■ Work order ■
Everything in the records below is to be reproduced exactly, apart from the images.

━━━━━━━━━━━━━━━━

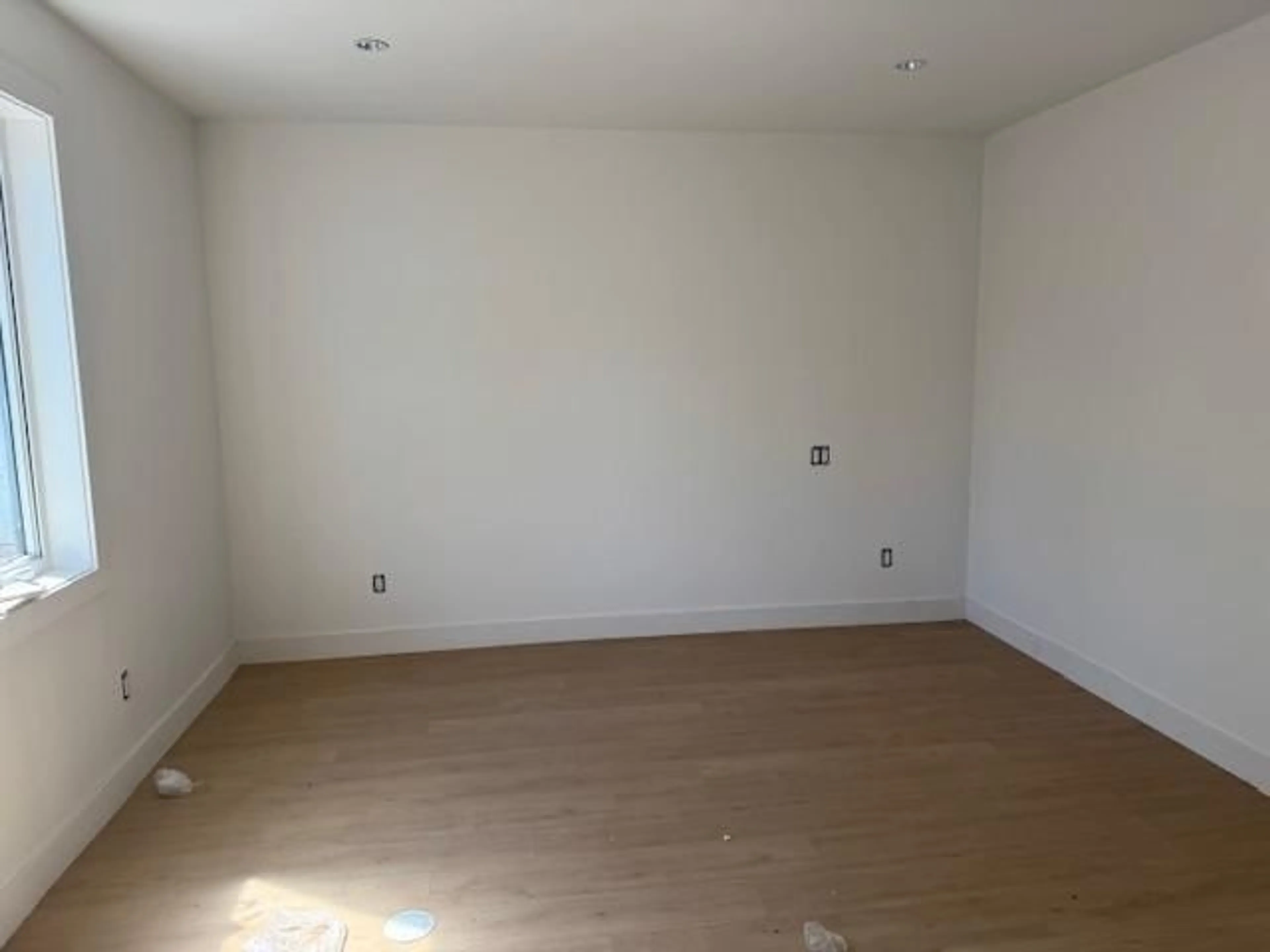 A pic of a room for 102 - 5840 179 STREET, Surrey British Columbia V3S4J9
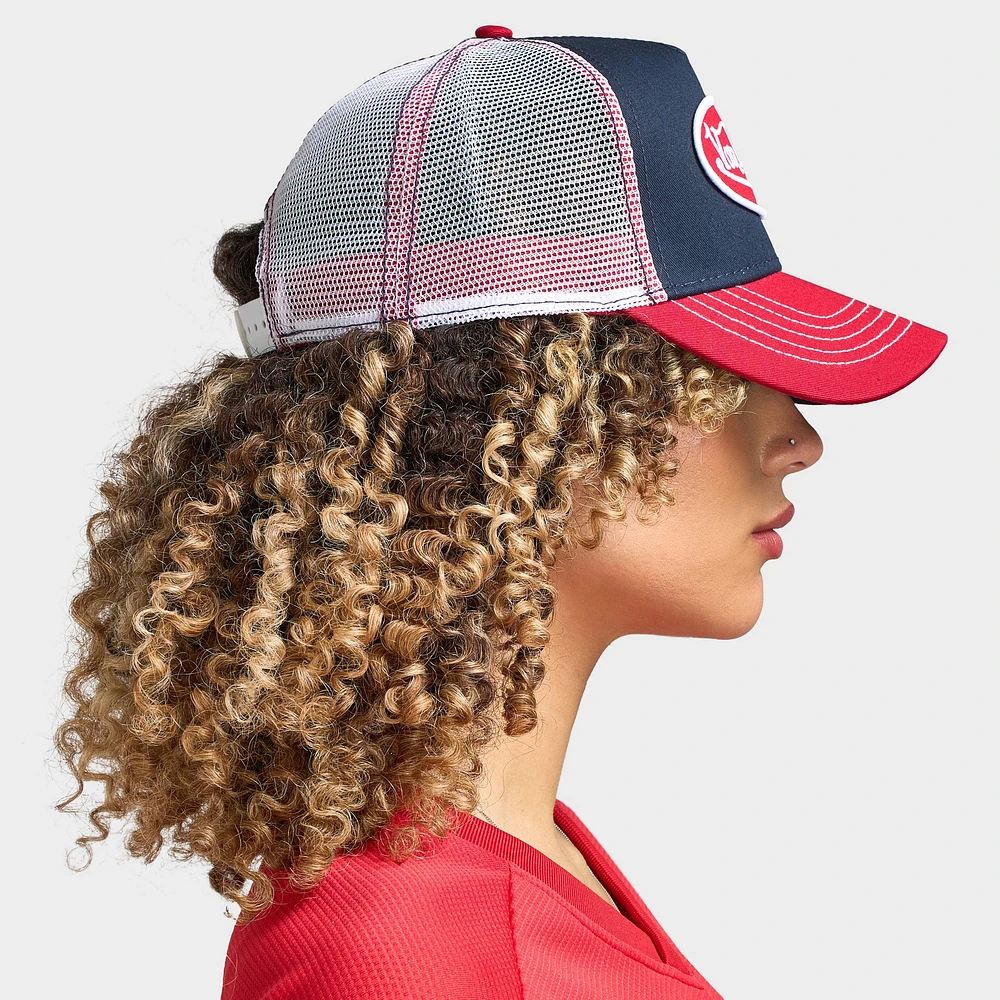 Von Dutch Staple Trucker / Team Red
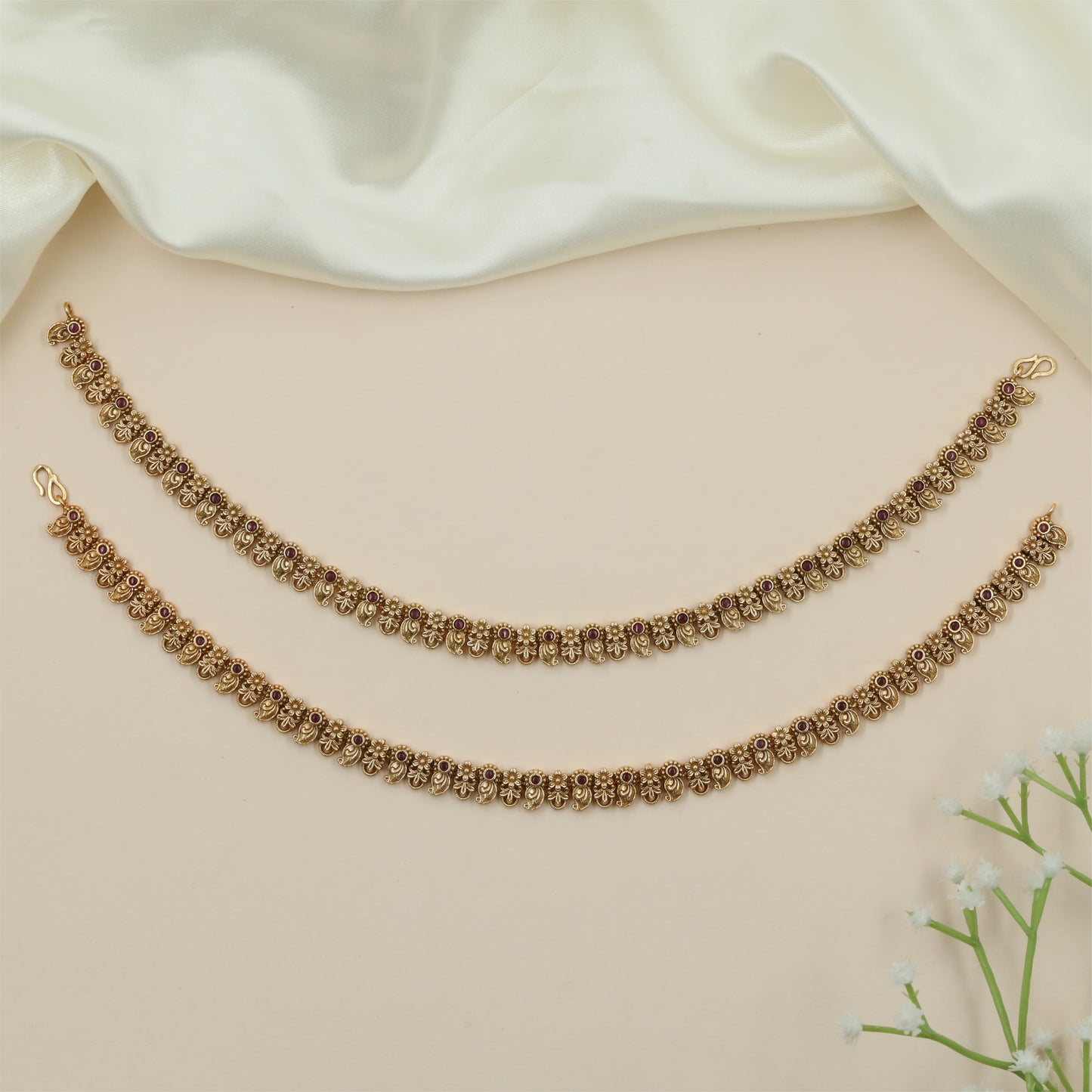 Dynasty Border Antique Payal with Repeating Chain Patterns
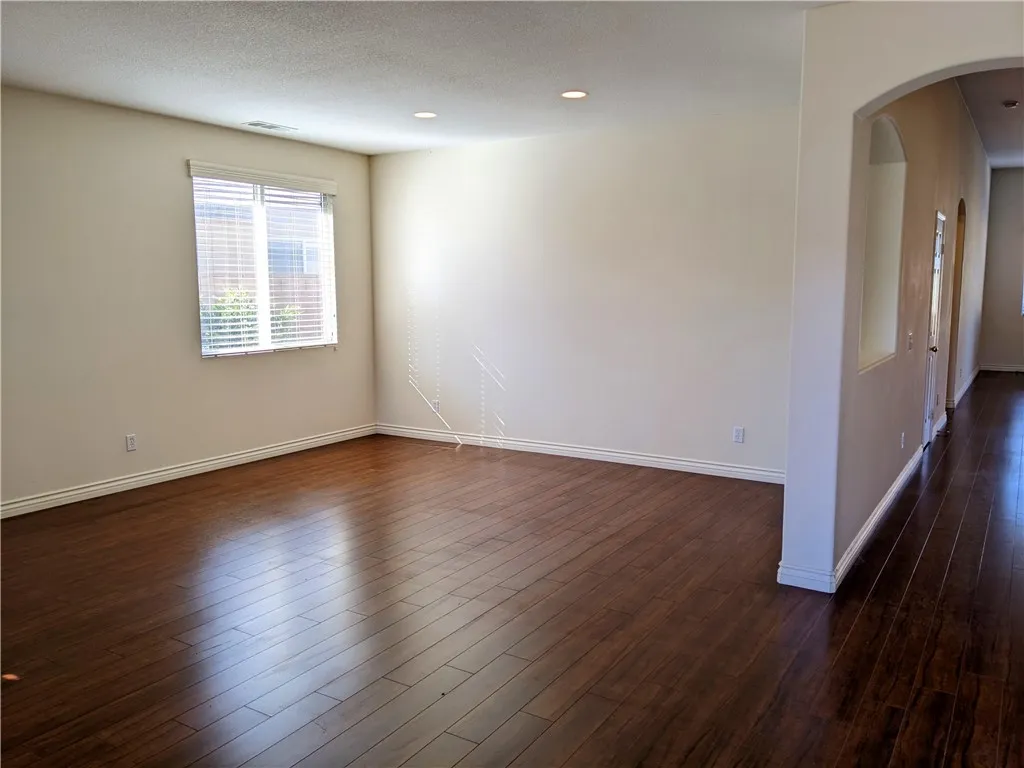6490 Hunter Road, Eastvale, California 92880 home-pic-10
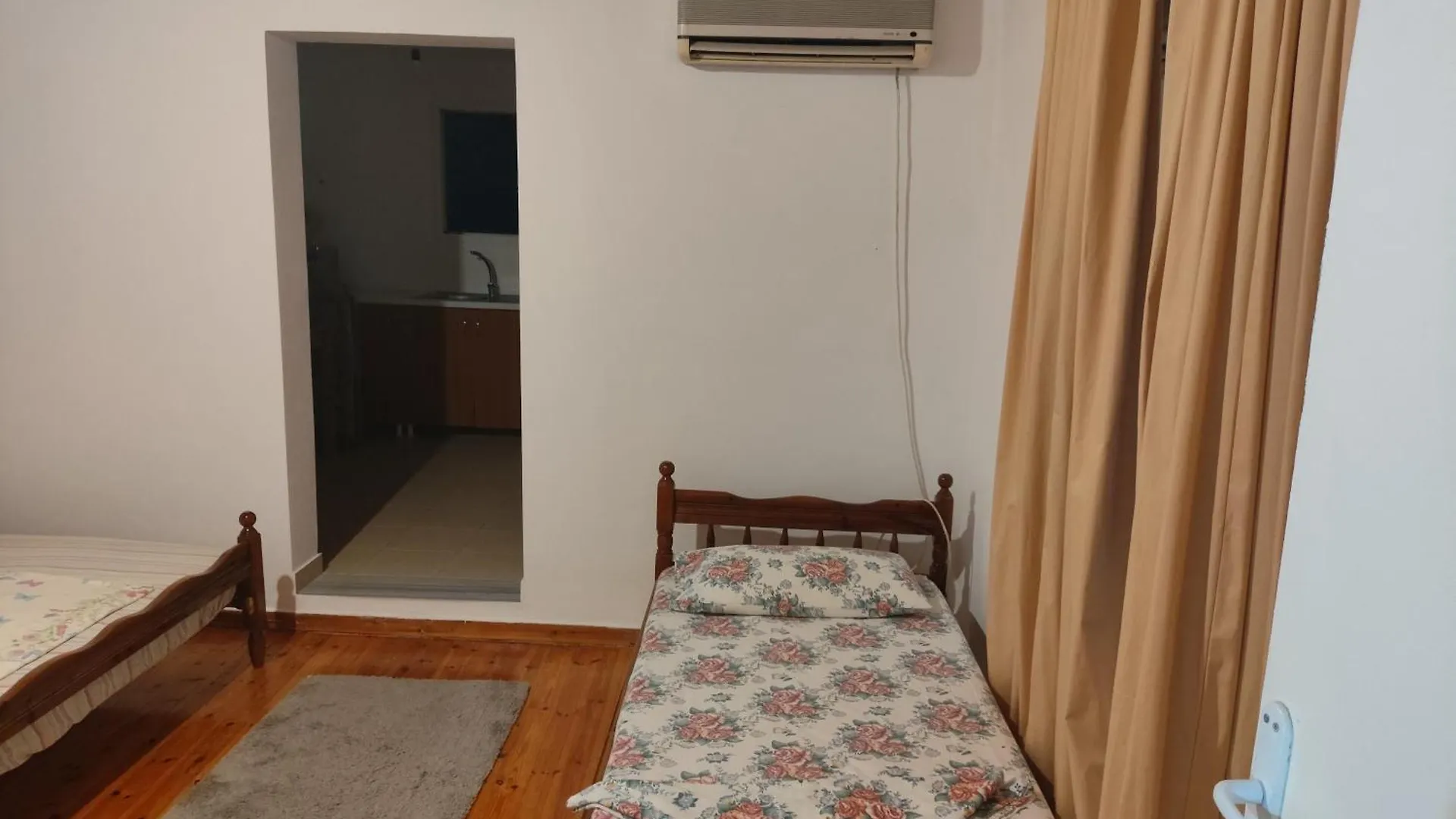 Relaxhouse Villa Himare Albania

━━━━━━━━━━━━━━━━

■ Answer to the exercise ■
 A pic of a room for 102 - 5840 179 STREET, Surrey British Columbia V3S4J9
 Von Dutch Staple Trucker / Team Red
 Dynasty Border Antique Payal with Repeating Chain Patterns
6490 Hunter Road, Eastvale, California 92880 home-pic-10
 Relaxhouse Villa Himare Albania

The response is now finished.